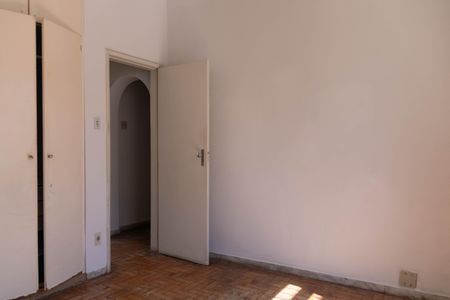 Casa à venda com 210m², 5 quartos e 4 vagas Casa à venda com 210m², 5 quartos e 4 vagasQuarto 2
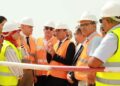 Salah Zouari, ministre de l'&Eacute;quipement et du Logement, entour&eacute; des ing&eacute;nieurs et responsables du chantier lors de sa visite du futur h&ocirc;pital universitaire Roi Salman Ben Abdelaziz &agrave; Kairouan.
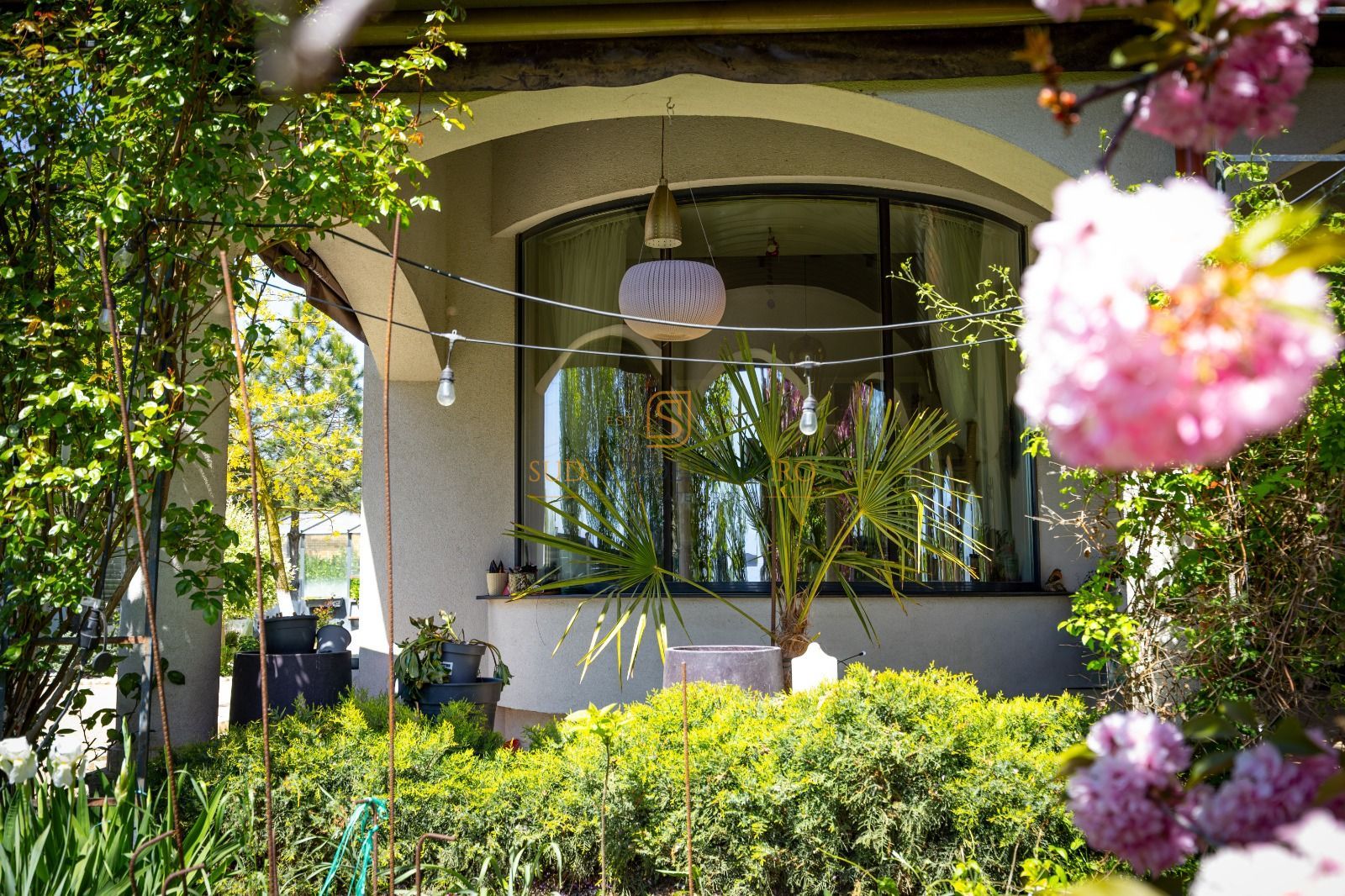 Resedinta spectaculoasa  – Vila exclusivista deschidere directa la lac - Poză 40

- WORK INSTRUCTIONS
The whole listing should be reproduced exactly. Images don't go in.

- WRITTEN SOLUTION
 Casa à venda com 210m², 5 quartos e 4 vagas Casa à venda com 210m², 5 quartos e 4 vagasQuarto 2
 Salah Zouari, ministre de l'&Eacute;quipement et du Logement, entour&eacute; des ing&eacute;nieurs et responsables du chantier lors de sa visite du futur h&ocirc;pital universitaire Roi Salman Ben Abdelaziz &agrave; Kairouan.
 Resedinta spectaculoasa  – Vila exclusivista deschidere directa la lac - Poză 40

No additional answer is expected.